11. At the stage of Section 227, the Judge has
merely to sift the evidence in order to find out whether
or not there is sufficient ground for proceeding against
the accused. In other words, the sufficiency of ground
would take within its fold the nature of the evidence
recorded by the police or the documents produced
before the court which ex facie disclose that there are
suspicious circumstances against the accused so as to
frame a charge against him.

12. The scope of Section 227 of the Code was
considered by this Court in State of Bihar v. Ramesh
Singh, wherein this Court observed as follows: (SCC
pp. 41-42, para 4)
“4. … Strong suspicion against the accused, if
the matter remains in the region of suspicion,
cannot take the place of proof of his guilt at the
conclusion of the trial. But at the initial stage if
there is a strong suspicion which leads the court
to think that there is ground for presuming that
the accused has committed an offence then it is
not open to the court to say that there is no
sufficient ground for proceeding against the
accused. The presumption of the guilt of the
accused which is to be drawn at the initial stage
is not in the sense of the law governing the trial
of criminal cases in France where the accused is
presumed to be guilty unless the contrary is
proved. But it is only for the purpose of deciding
prima facie whether the court should proceed
with the trial or not. If the evidence which the
prosecutor proposes to adduce to prove the
guilt of the accused even if fully accepted before
it is challenged in cross-examination or rebutted
by the defence evidence, if any, cannot show
that the accused committed the offence, then
there will be no sufficient ground for proceeding
with the trial.”

This Court has thus held that whereas strong
suspicion may not take the place of the proof at the
trial stage, yet it may be sufficient for the satisfaction
of the trial Judge in order to frame a charge against the
accused.”

Supreme Court, in its earlier judgment in case of Soma

Chakravarty Vs. State through CBI [(2007) 5 SCC 403] reiterated
the settled position for exercising power under Section 228 Cr.P.C.

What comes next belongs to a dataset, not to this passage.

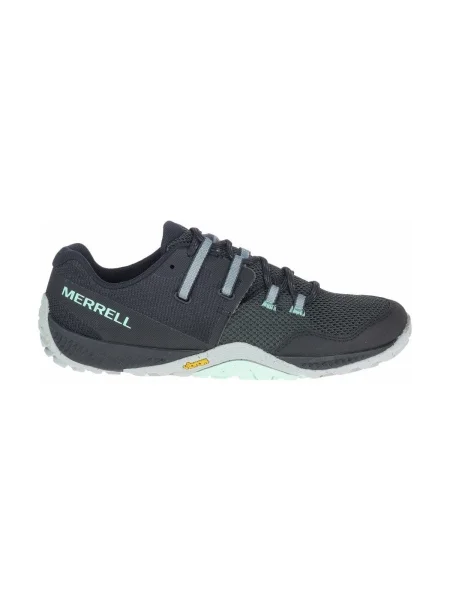 Pantofi Merrell gri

for framing charges. The Court held :

“Before framing a charge the court must apply
its judicial mind on the material placed on record and
must be satisfied that the commitment of offence by
the accused was possible. Whether, in fact, the
accused committed the offence, can only be decided
in the trial.”

In the present case, from a bare perusal of the impugned

order, it is apparently clear that the learned trial Court has not at

all cared to examine the material available on record including the

site-plan and variance in allegations of FIR, police statements of

the prosecutrix and her statements recorded under Section 164

Cr.P.C. while framing charge for offences under Section 457 and

376/511 IPC. I am at loss to say that there is no whisper in the

impugned order showing satisfaction of the learned trial Court

about strong suspicion against the accused petitioner for

commission of these offences. Moreover, vis-a-vis these offences,

learned trial Court has not made any endeavour for considering

the record in the light of Section 227 Cr.P.C. with intent to merely

shift the evidence so as to find out whether or not there is

sufficient ground for proceeding against the accused-petitioner.

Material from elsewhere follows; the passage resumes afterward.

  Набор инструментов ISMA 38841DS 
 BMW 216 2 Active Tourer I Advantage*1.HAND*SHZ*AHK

As observed hereinabove, the requisite ingredients for

constituting offence under Section 457 IPC are not prima facie

discussed by the learned trial Court. The satisfaction for other

offence, i.e., attempt to rape, is also prima facie not forthcoming

from the impugned order founded on scrutiny of material available

on record. There is no whisper much less prima facie satisfaction
of the learned trial Court that the accused-petitioner advanced in

his actions which would have resulted into ravishing the

prosecutrix had some extraneous factors not intervened, apart

from his determination to have sexual connection with the

prosecutrix at all events inspite of all resistance.

Therefore, in totality, I am unable to record my satisfaction

about correctness, legality or propriety of the impugned order and

consequently the same cannot be sustained.

The upshot of above discussion is that instant revision

petition is allowed, the impugned order passed by learned trial

Court is set aside to the extent charges are framed against

petitioner for offence under Section 457 and 376/511 IPC and the

matter is remitted back to learned trial Court for considering the

same de novo in respect of the charge framed against the

petitioner for offence under Section 457, 376/511 IPC strictly in

accordance with law.

(P.K. LOHRA)J.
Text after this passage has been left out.